Bilgi sahibi kaynaklara göre Türkiye başlangıçta bu anlaşmadan memnun değildi, ancak ABD ve Suriye'nin ısrarı Ankara'yı bunu kabul etmeye zorladı. Öte yandan imzalanan anlaşmanın aylardır sahada herhangi bir yansımasının olmaması Türkiye'nin tutumunu daha da sertleştirdi. Bir Türk diplomatik kaynak, SDG'ye anlaşmanın 2025 yılının ağustos ayı ortalarından önce hızla uygulanması gerektiği, aksi takdirde başka seçeneklerin masaya yatırılacağı bildirildiğini belirtti. Kaynak, geçen hafta Ürdün'ün başkenti Amman'da ABD’nin Ankara Büyükelçisi ve Suriye Özel Temsilcisi Tom Barrack ile SDG lideri Mazlum Abdi'nin bir araya geldiğini açıkladı. Kaynak, Barrack’ın anlaşmanın hızla uygulanması gerektiği konusunda Türkiye ile hemfikir olduğunu ve SDG'nin anlaşmanın 2026 yılı sonlarına kadar uzatılması talebini, Ankara ve Şam'ın da bu talebi reddettiğini ekledi.

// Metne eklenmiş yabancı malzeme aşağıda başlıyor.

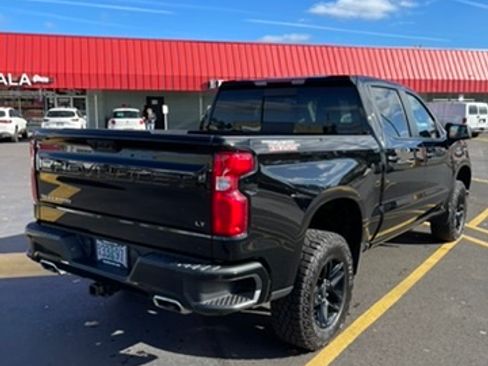 Used 2023 Chevrolet Silverado 1500 LT Trail Boss w/ Convenience Package II image 8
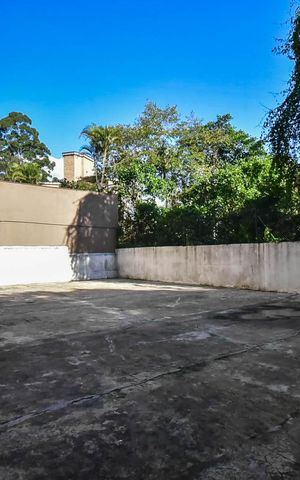 Apartamento à venda com 140m², 4 quartos e 2 vagasÁrea Externa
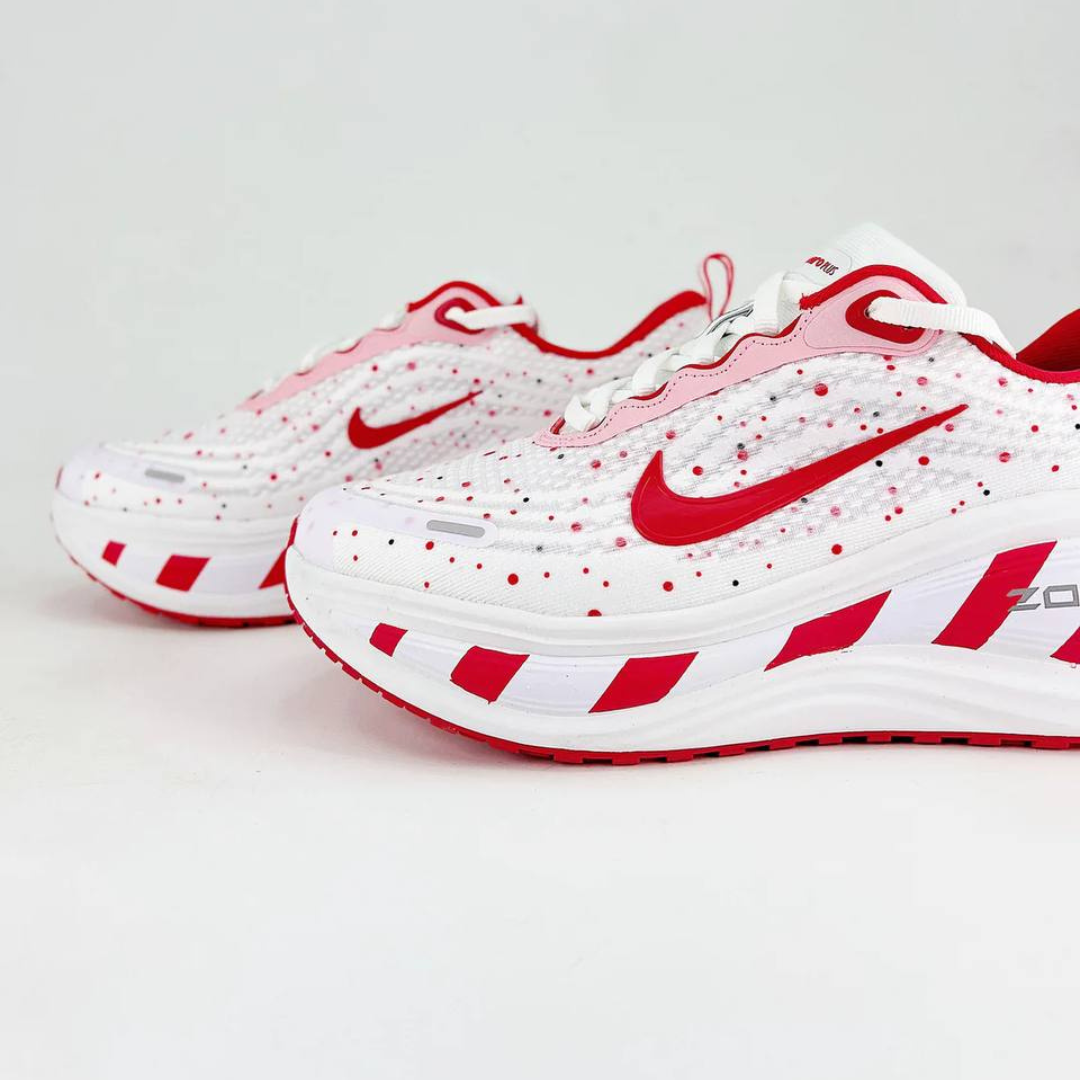 Nike Vomero Plus - Branco/Vermelho Carmim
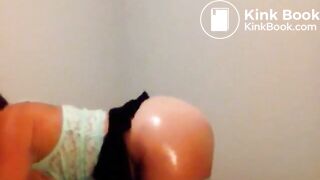 Anal dildo and big poop on webcam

SDG’li liderler arasında anlaşmaya dair birtakım anlaşmazlıklar olduğunu belirten aynı kaynaklara göre Mazlum Abdi, anlaşmanın uygulanmasını isterken, İlham Ahmed daha fazla kazanç ve güvence elde etmek amacıyla anlaşmanın ertelenmesini istiyor. Kaynaklar, Mazlum Abdi'nin Şam'a, SDG’nin ağustos ayı içinde Deyrizor'un tamamından ve Rakka'nın büyük bir kısmından çekilmeye hazır olduğunu bildirdiğini belirtiyor.

Sonuç olarak gözlemciler, Türkiye'nin anlaşmayı engellemek istediği konusunda hemfikir değiller ve çoğu, Ankara'nın belirlenen süre içinde uygulanması şartıyla anlaşmayı desteklediğini belirtiyor. Kaynaklarsa SDG'nin entegrasyona başlaması için tanınan sürenin birkaç hafta olduğunu, bu sürenin entegrasyon gerçekleşmeden sona ermesi halinde başka seçeneklerin masaya yatırılacağını, bunların başında ABD'nin baskısını artırmasının, sonunda ise halen olasılığı düşük olan askeri müdahalenin geldiğini söylüyorlar.